The place is impeccable and looks ready to appear in next month’s House and Home magazine feature on decorating small spaces.
Simmons herself looks like she’s about to walk onto a photo shoot. “I work full-time at Elevate magazine,” she offers as explanation of her perfectly manicured nails and uniform complexion.
She and her staff regularly get to test out new beauty products for free as research for their articles. “Now it’s an addiction.”
When she’s not editing for Elevate, a Canadian beauty magazine, Simmons is doing her own writing. “I was always making up stories,” she says. “My mom would always have to say to me, ‘is that true?’ So it’s a pretty hard line for me in journalism.”
Simmons is among the first to admit that her book is not of the highest literary grade. “It definitely falls into the chick-lit category,” she says, “I’m O.K. with that. I could try to write a literary classic if I wanted to, but that’s not me.”
“Michael Ondaatje is a great writer, but I’m not him.”
She does, however, insist that her book is different from regular chick-lit.
As Simmons explains, the genre is typically all about getting the guy and she was determined not to take that approach.
The book tells the story of a young woman trying to become a sophisticated grown-up after her boyfriend dumps her and she’s forced to reexamine her values.

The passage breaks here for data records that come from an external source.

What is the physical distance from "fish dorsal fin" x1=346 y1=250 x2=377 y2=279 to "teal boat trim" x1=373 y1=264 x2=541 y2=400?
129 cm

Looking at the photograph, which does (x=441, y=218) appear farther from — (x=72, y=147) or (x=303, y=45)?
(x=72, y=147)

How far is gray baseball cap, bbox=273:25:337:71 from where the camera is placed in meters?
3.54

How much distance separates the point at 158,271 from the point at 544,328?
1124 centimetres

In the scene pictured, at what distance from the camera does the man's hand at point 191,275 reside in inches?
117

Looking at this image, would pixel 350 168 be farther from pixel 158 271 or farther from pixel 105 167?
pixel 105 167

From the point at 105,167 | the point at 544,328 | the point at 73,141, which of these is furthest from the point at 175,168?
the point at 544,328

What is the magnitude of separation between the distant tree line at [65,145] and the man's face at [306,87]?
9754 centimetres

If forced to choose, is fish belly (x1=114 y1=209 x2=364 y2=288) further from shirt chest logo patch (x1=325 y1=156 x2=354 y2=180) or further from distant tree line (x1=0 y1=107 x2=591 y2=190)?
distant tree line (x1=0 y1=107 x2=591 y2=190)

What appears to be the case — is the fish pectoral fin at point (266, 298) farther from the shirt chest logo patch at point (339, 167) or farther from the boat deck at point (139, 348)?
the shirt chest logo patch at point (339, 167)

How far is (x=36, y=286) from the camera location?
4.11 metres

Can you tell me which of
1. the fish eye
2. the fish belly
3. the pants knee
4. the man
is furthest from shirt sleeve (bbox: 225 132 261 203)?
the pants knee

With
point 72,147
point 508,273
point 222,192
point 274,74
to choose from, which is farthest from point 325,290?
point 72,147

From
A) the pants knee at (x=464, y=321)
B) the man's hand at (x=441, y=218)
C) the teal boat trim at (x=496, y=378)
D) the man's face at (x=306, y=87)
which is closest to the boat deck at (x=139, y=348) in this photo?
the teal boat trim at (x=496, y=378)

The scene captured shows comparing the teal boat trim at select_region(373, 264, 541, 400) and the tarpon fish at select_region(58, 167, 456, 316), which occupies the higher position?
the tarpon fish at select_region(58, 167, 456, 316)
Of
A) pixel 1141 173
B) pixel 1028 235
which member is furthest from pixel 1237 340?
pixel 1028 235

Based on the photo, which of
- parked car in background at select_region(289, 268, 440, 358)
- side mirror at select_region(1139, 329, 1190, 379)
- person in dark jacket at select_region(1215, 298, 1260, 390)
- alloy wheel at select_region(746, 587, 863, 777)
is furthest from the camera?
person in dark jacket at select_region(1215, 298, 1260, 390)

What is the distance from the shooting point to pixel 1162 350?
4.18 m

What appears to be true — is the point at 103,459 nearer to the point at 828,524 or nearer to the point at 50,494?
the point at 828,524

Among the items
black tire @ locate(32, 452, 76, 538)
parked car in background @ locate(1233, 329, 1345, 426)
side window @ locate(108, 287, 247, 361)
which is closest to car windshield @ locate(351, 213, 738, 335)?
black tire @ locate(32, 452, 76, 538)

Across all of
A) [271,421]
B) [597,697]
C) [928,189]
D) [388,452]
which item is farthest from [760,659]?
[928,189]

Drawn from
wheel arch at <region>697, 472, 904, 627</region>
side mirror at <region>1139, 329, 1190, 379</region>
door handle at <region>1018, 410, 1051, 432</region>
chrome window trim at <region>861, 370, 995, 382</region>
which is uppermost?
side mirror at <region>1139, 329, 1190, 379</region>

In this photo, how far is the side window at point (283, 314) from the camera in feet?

As the title suggests, her quest involves some serious yoga. This empowered approach to chick-lit has received a warm reception.
The book is on the Winnipeg Free Press’s bestseller list, a Vancouver Sun Editor’s Choice and has amassed critical acclaim from a number of other notable sources.
It would appear that there is an innate wisdom to Simmons’s writing that one hardly expects to find while reading an author whose website is so predominantly pink.
When asked how she would describe her book in a sentence, Simmons tilts her head ponderously to the left and says carefully, “It’s our faults that make us who we are. They’re what make us people.”